* WORK REQUIRED *
The required result is an exact copy of the lines beginning at the line that contains "Kids Classic Model Train Set 20pc" and ending at the last line of the material below.

○ ○ ○ ○ ○

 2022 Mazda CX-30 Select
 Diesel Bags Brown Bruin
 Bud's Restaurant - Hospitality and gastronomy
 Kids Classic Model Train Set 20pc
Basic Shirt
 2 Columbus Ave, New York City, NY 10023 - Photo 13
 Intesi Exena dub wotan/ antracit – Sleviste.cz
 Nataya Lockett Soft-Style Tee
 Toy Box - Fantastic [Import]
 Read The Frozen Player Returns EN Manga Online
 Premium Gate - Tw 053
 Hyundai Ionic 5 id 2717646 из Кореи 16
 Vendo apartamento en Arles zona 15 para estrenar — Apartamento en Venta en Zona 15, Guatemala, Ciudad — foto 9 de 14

○ ○ ○ ○ ○

* TASK RESPONSE *
 Kids Classic Model Train Set 20pc
Basic Shirt
 2 Columbus Ave, New York City, NY 10023 - Photo 13
 Intesi Exena dub wotan/ antracit – Sleviste.cz
 Nataya Lockett Soft-Style Tee
 Toy Box - Fantastic [Import]
 Read The Frozen Player Returns EN Manga Online
 Premium Gate - Tw 053
 Hyundai Ionic 5 id 2717646 из Кореи 16
 Vendo apartamento en Arles zona 15 para estrenar — Apartamento en Venta en Zona 15, Guatemala, Ciudad — foto 9 de 14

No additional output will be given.